• _What this task involves_
Return the stretch from the line with "Da Schalke noch" through the line with "Украинцев приглашают вместе" in the data below, character for character, skipping all pictures.

• _Extracted information_

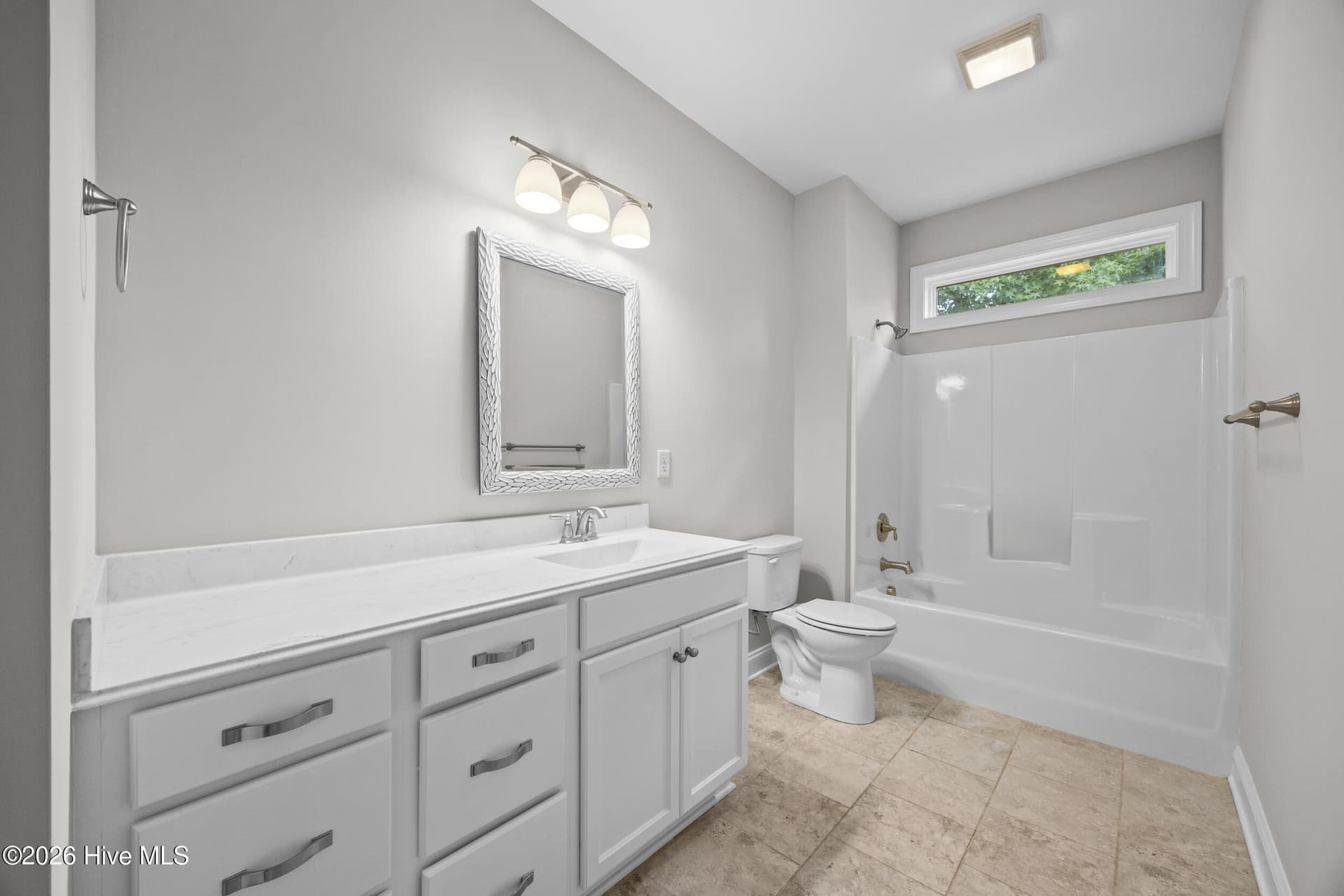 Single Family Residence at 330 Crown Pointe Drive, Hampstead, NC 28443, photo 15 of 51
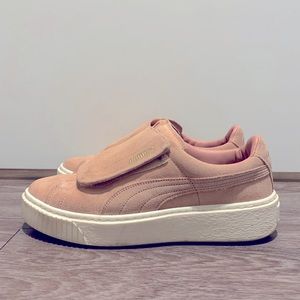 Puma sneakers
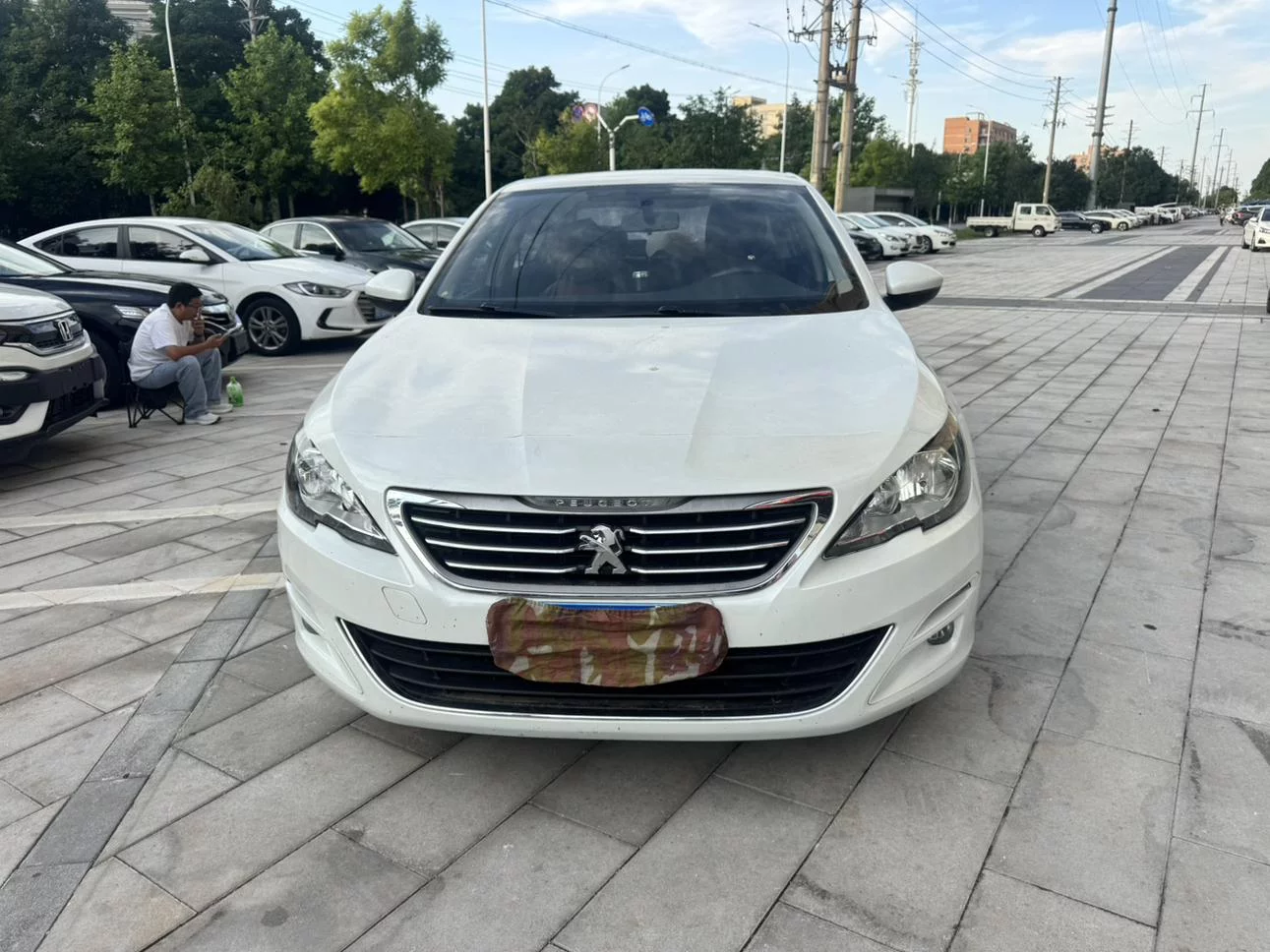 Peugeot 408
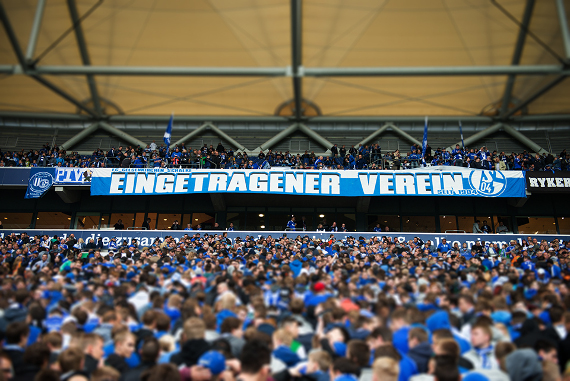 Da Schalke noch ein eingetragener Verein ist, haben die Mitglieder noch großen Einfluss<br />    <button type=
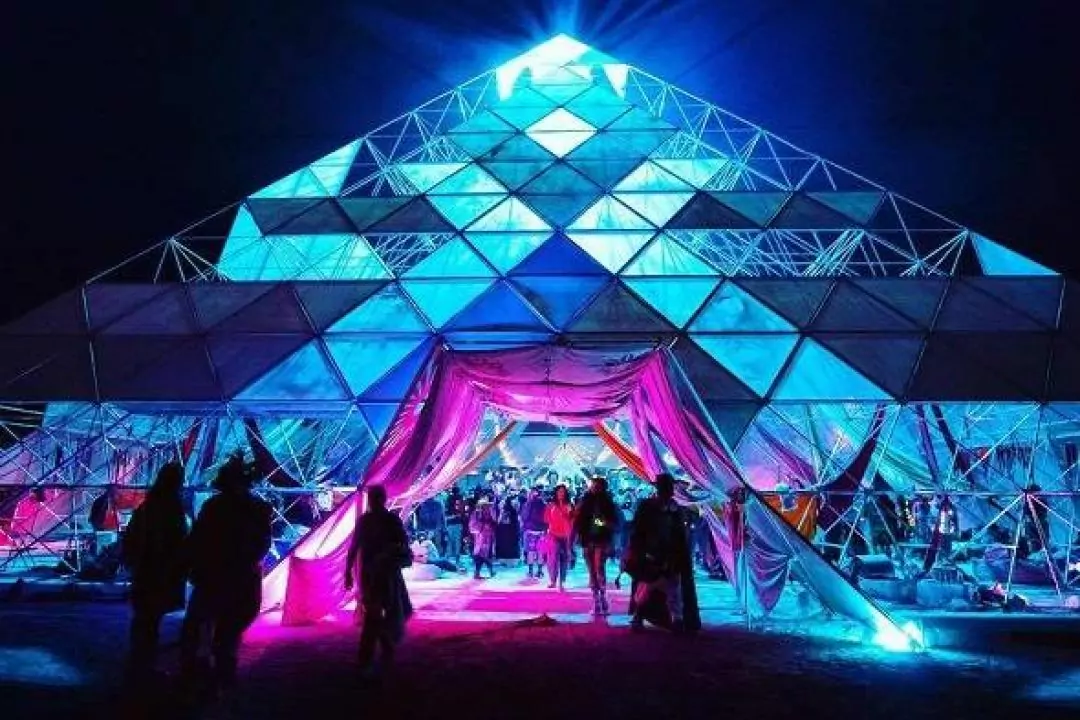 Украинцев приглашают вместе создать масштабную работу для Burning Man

--

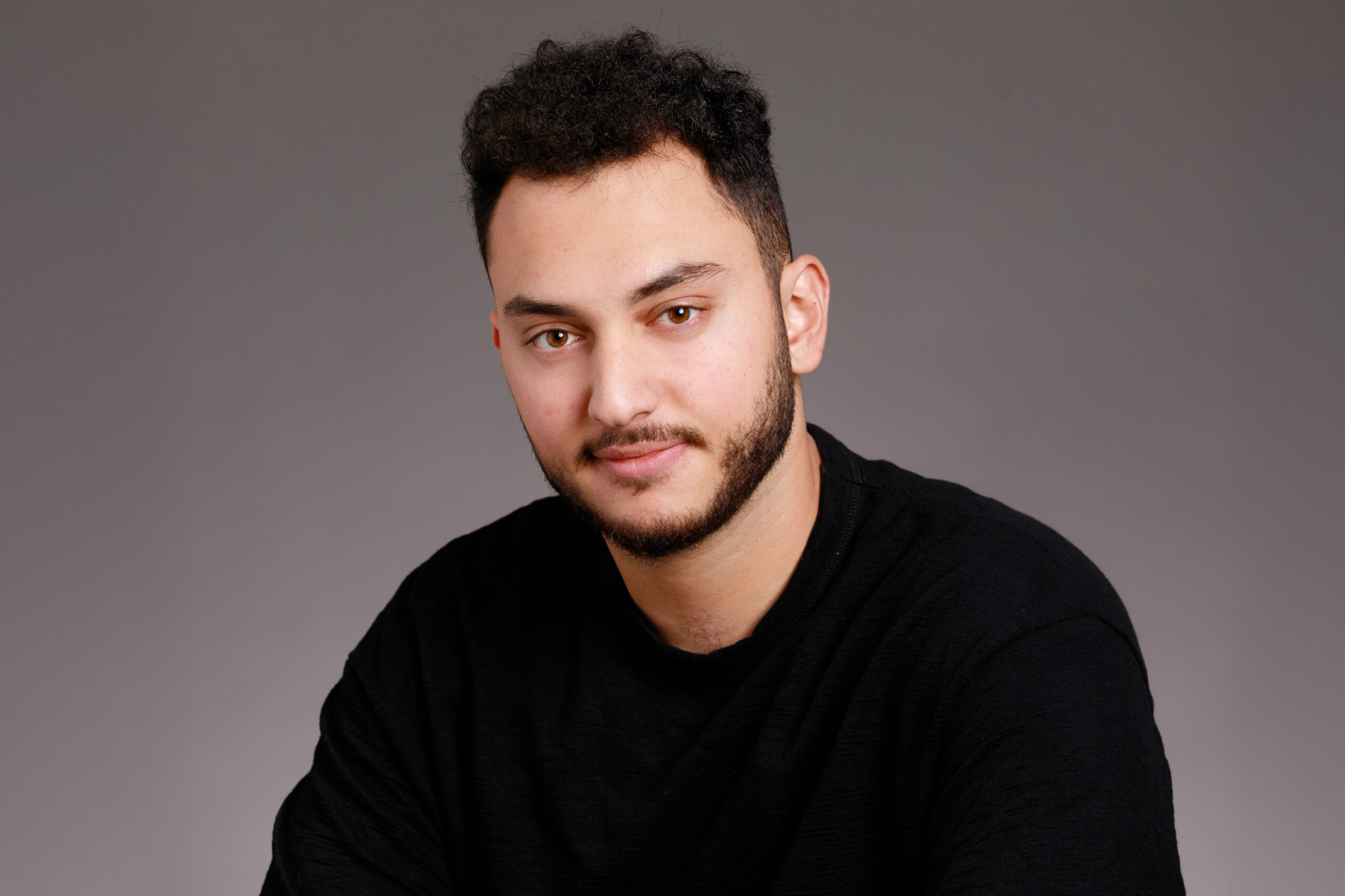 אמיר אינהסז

...

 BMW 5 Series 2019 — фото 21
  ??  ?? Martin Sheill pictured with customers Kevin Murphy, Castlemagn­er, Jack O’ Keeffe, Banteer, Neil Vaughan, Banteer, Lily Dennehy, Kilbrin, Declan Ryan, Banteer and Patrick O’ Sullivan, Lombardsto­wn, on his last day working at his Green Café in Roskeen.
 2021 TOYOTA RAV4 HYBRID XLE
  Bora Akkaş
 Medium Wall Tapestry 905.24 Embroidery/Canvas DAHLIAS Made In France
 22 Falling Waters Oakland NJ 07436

• _Exercise solution_
 Da Schalke noch ein eingetragener Verein ist, haben die Mitglieder noch großen Einfluss<br />    <button type=
 Украинцев приглашают вместе создать масштабную работу для Burning Man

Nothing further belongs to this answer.